# Data for the task
───
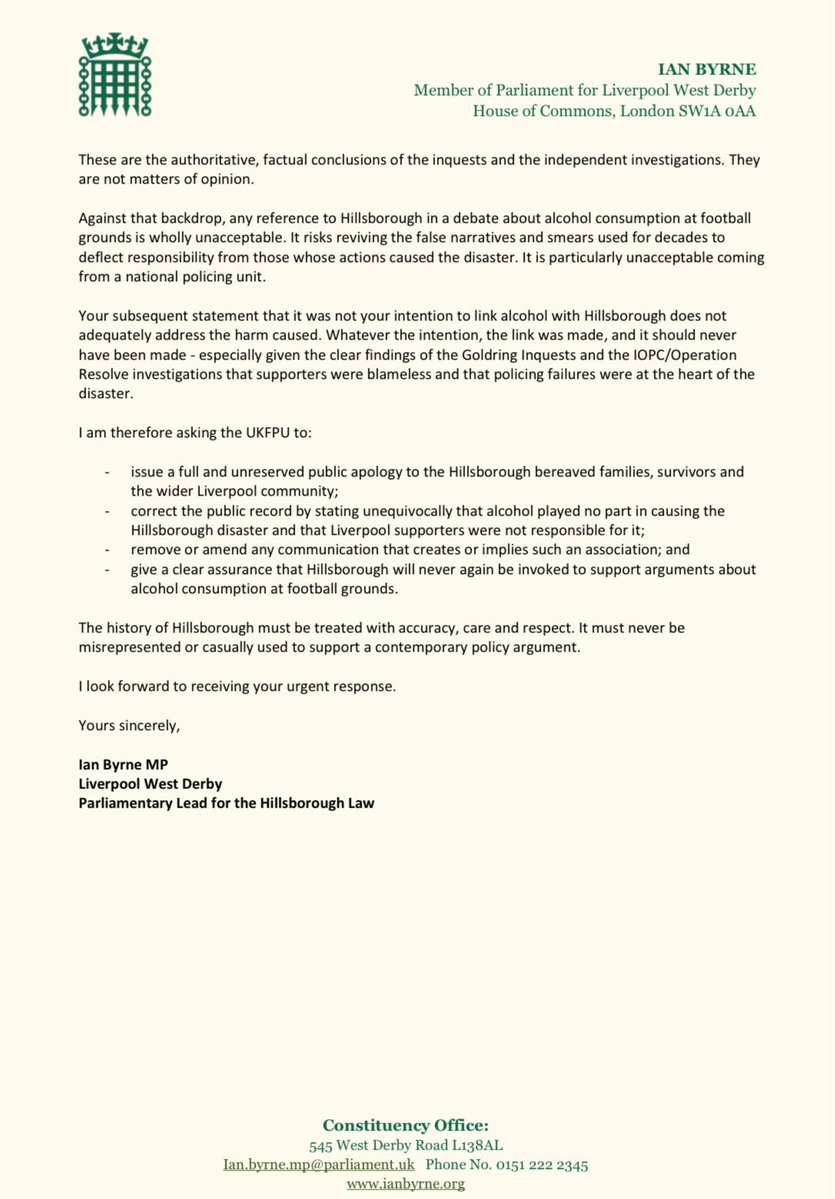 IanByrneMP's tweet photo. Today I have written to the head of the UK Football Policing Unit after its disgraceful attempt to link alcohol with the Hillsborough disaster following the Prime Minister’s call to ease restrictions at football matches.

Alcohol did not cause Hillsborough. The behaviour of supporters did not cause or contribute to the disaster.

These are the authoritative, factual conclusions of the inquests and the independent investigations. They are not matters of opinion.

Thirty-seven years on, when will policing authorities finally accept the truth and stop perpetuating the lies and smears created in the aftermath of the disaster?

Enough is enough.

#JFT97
───
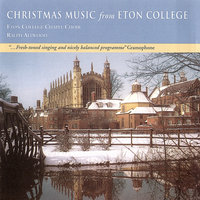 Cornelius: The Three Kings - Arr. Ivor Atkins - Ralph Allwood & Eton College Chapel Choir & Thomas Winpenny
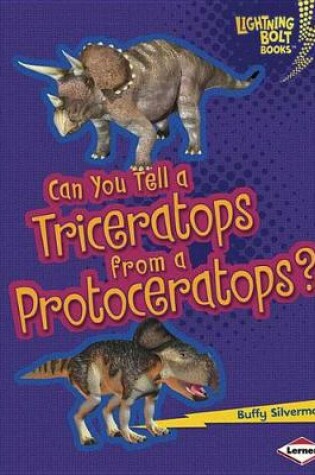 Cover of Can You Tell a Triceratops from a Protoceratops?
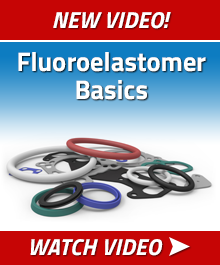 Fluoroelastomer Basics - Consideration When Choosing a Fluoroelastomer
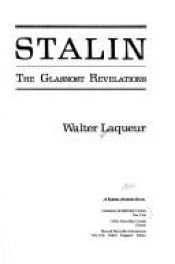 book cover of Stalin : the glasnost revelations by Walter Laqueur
───
# Exercise
Exactly the lines starting at the one above with "Cover of Can" and ending at the one with "book cover of" should be printed, and nothing else. Omit the pictures.

# Answer box
 Cover of Can You Tell a Triceratops from a Protoceratops?
 Fluoroelastomer Basics - Consideration When Choosing a Fluoroelastomer
 book cover of Stalin : the glasnost revelations by Walter Laqueur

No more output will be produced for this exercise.